Reading a text file via LINEIN() - case 1

   /* Read a file */
   parse source environment .
   if environment='CMS' then fileid='README FILE A'
                        else fileid='C:\README'
   start=timer()                                  /* save start timer */
   do i=1 by 1 while lines(fileid)>0        /* read until end-of-file */
      rec.i=linein(fileid)                         /* records in REC. */
   end
   rec.0=i-1                                     /* number of records */
   call stream fileid,'C','CLOSE'                   /* close the file */
   final=timer()                                  /* save final timer */
   say 'LINEIN takes : 'format(final-start,5,2) 'seconds'
   say 'Number of records= 'right(rec.0,8)
   exit
   /******************** subroutine to get time ***********************/
   TIMER:
    if environment<>'CMS' then return time('E')
                          else do
       parse value diag(08,'Q TIME',160) with . 'TOTCPU= 'ttm':'+1 tts0 +5
       timer =tts0 + ttm*60
       return timer
    end

Notes:

  1. Remark the parse source instruction to query on which platform we are working.
  2. The time('E') returns the elapsed time.  This is the only information we can use on the personal computer.  On CMS, we extract the Total CPU time from the CP QUERY TIME command.  Using the elapsed time would not be accurate as it depends on the load of the system.  On a PC, if no other applications run in the background, then we may suppose the elapsed time is an acceptable measurement value.
  3. In all solutions, we include the close function (as we learned this should be done).  And, by the way, on OS/2 you have even more reason to close the files as soon as possible, as on that platform, the number of concurrently open files in one application is limited...

As CMS knows about the number of records in a file, it is possible to avoid executing the lines(fileid) at each iteration.  Therefore, a slightly enhanced procedure, but incompatible with OS/2, looks as follows:

Reading a text file via LINEIN() - case 2

   /* Read a file */
   parse source environment .
   if environment='CMS' then fileid='README FILE A'
                        else fileid='C:\README'
   start=timer()                                  /* save start timer */
   rec.0=lines(fileid)
   do i=1 to rec.0                          /* read until end-of-file */
      rec.i=linein(fileid)                         /* records in REC. */
   end
   call stream fileid,'C','CLOSE'                   /* close the file */
   final=timer()                                  /* save final timer */
   say 'LINEIN takes : 'format(final-start,5,2) 'seconds'
   say 'Number of records= 'right(rec.0,8)
   exit

Note: The TIMER subroutine is not repeated here and in next programs, it is always the same.

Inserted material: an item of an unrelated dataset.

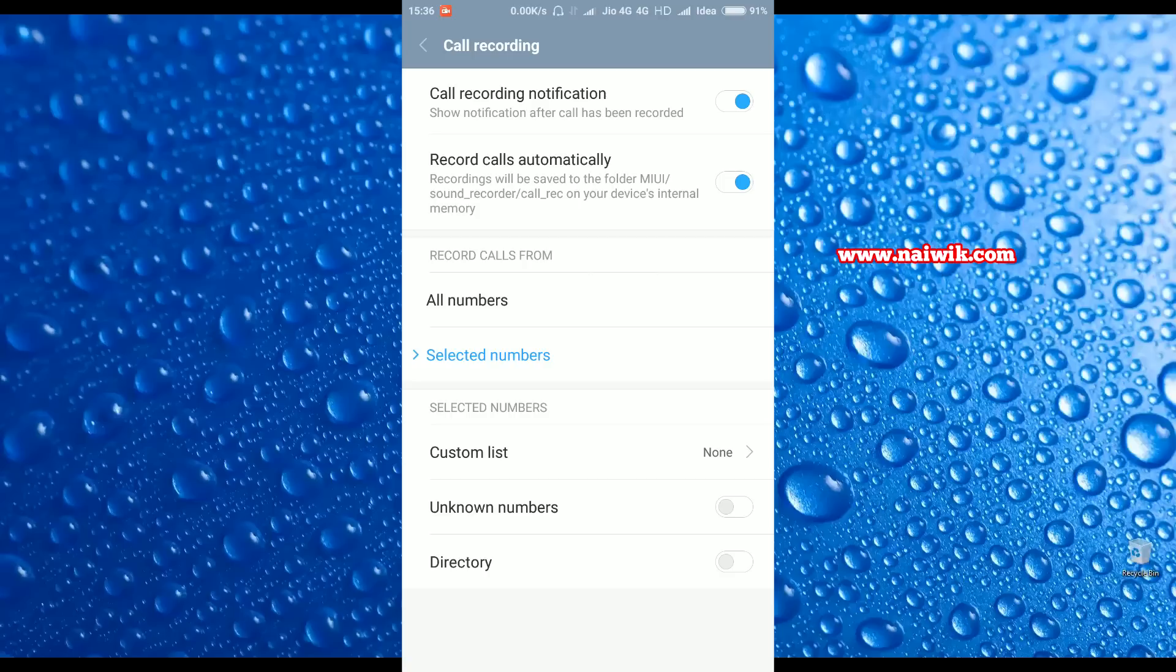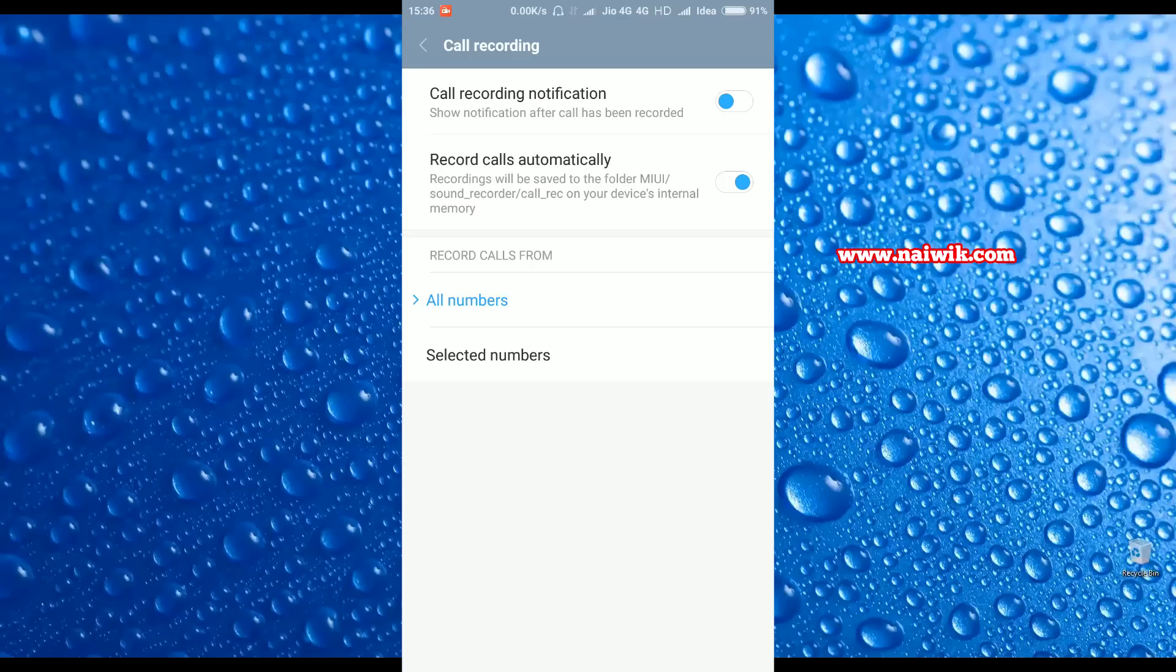You can create the custom list, but it is better to select all numbers. If you don't want call recording notification feature, you can simply tap on this one to disable the call recording notification option.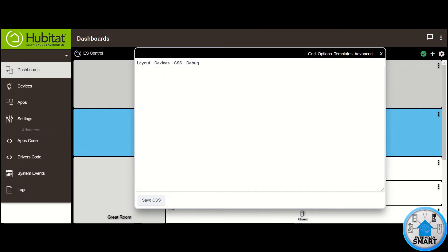So when you click on it, you won't have anything — it is empty at the moment. But we're going to be adding some lines of code here that will modify our dashboard even further. So let's get to it. The first thing that I want to modify is some aspects of the tiles. So we have to type here 'tile' and then open a bracket, and make sure you close it as well. In between this portion is where we're going to be putting the different lines of code.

Let's now analyze our program using CHARIN():

Reading a text file via CHARIN() - case 3

   /* Read a file */
   parse source environment .
   if environment='CMS' then do
      address command
      fileid='README FILE A'
      linend='15'x
      'MAKEBUF' ; buffer=rc
      'QUERY DISK A (STACK'
      parse pull header
      parse pull . . . . . . blksize .
      'LISTFILE' fileid '(STACK ALLOC'
      parse pull . . . . lrecl nrecs nblocks .
      numchars=nblocks*blksize + nrecs
   end;                 else do
      fileid='C:\README'
      linend='0D0A'x
      numchars=chars(fileid)
   end
   start=timer()                                  /* save start timer */
   file=charin(fileid,1,numchars)          /* read the file in 1 shot */
   call stream fileid,'C','CLOSE'                     /* and close it */
   inter=timer()                           /* save intermediate timer */
   if right(file,1)='1A'x then
      file=left(file,length(file)-1)          /* drop EOF char if any */
   do i=1 by 1 while file<>''                   /* parse the variable */
      parse var file rec.i (linend) file              /* into records */
   end
   rec.0=i-1
   final=timer()                                  /* save final timer */
   say 'CHARIN takes  : 'format(inter-start,5,2) 'seconds'
   say 'Parsing takes : 'format(final-inter,5,2) 'seconds'
   say 'Total time    : 'format(final-start,5,2) 'seconds'
   say 'Number of records= 'right(rec.0,8)
   if environment='CMS' then 'DROPBUF' buffer
   exit

Notes:

  1. The charin() statement allows us to read the complete file into one REXX variable.  To be honest in our comparisons we need to split this unique variable into records and create an array so as to come to an equivalent situation as with LINEIN().  There are however cases where you don't need to do this step and where you can process the file immediately.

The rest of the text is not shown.